Smaller independent retailers within a shopping centre have to buy their own power. Quite often they take the advice of another tenant in the mall who has done the market research on the best SME energy deal. One challenge is that discount SME energy deals are structured to entice you in, then the discount fades over time. A well managed embedded network will follow the market energy prices and set a tenant tariff that is always at a discount to the prevailing conditions. The fact that the EN owner does this eliminates one worry for the shop.

In the event that the REIT is able to invest in solar on the roof, then all the tenants within the shopping centre have access to a proportion of green power.

Well run embedded networks will provide monthly billing based on actual meter reads – not estimates. Indeed, they can provide the customer with detailed usage data that can be helpful in identifying poorly performing appliances.

At the end of the day, choice is preserved. The ability to select electricity retailer of choice is a fundamental. If the REIT, as owner of the EN fails to deliver, then the tenant can insist on being a “child”.

Taking Full Advantage of Embedded Networks

Some shopping centres run their own embedded networks. They may contract out the meter reading and tariff calculation, but the management and optimisation of the network is left with centre management. Areas where centre management expertise sometimes fall short are:

Compliance

The regulatory regime has progressed through 10 years of almost constant change and refinement. Embedded networks must be registered. Electricity invoices must accord to a standard. Payments and debt collection processes need to follow the relevant rules.

As of 1 December 2017 an Embedded Network Manager needs to be appointed. It is a lot of information for centre management staff to understand.

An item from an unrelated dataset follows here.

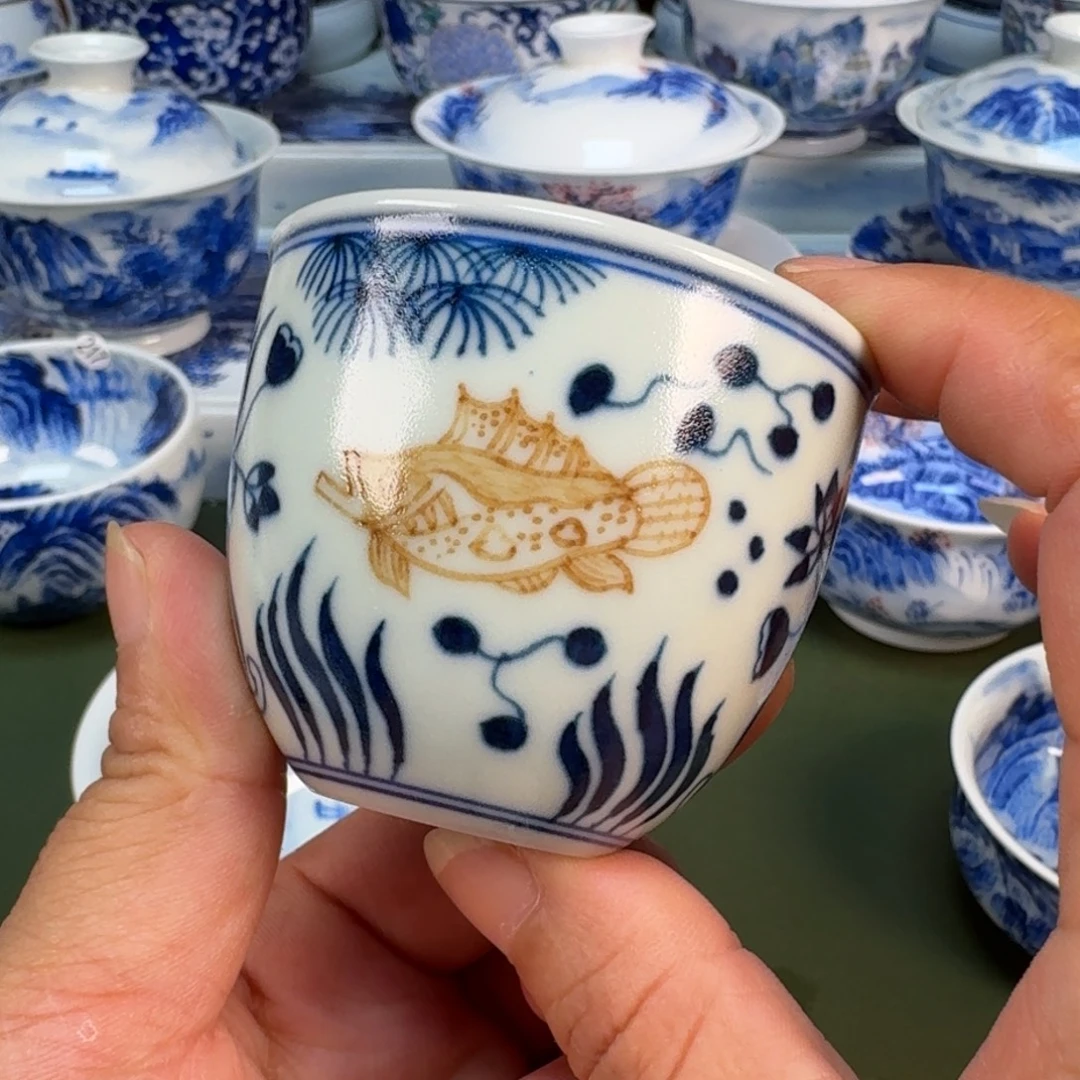 景德镇纯手绘茶具圆圆209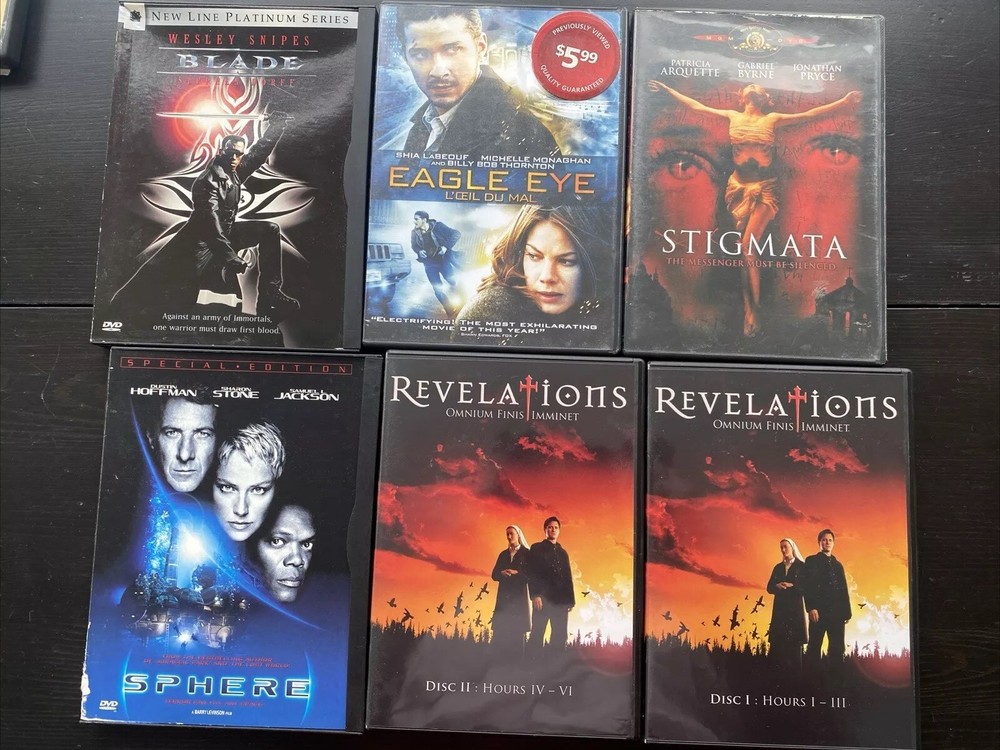Films lot 6 pieces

Audits for non-technical losses

The physical environment of a shopping centre changes over time. There are tenancy splits and mergers that all impact on the metering. Some third parties (like communications companies) undertake electrical works, and hopefully they don’t tap into the common area circuits. As discussed above, the calibration factor of the CT meters is a constant challenge. It is quite common for technical audits of embedded networks to reveal significant opportunities for financial improvement.

Common area apportionment and reporting

Ultimately, the cost for common light and power is divided up into tenant outgoings and some traders reasonably complain that they shouldn’t have to shoulder the burden of extended hour’s mall light and power that is necessary for the supermarkets. It is possible to take building management system data to devise a fair and equitable model for cost apportionment. This level of data analysis to establish an automated report is generally beyond centre management.

Recovery of network tariffs

An alternative to separate billing for child network tariffs is to recover the network charges from the electricity retailers used by the tenants. Electricity industry market participants have business to business relationship with the electricity retailers. They can provide this as a service to the REIT, but it is unlikely that centre management will be able to directly recover lost network tariffs from the energy retailers.

Tenant power diagnostics

One service that the embedded network owner can offer is to assist tenants with energy performance. The interval data in modern meters is very informative and can highlight errant motors or refrigeration switches.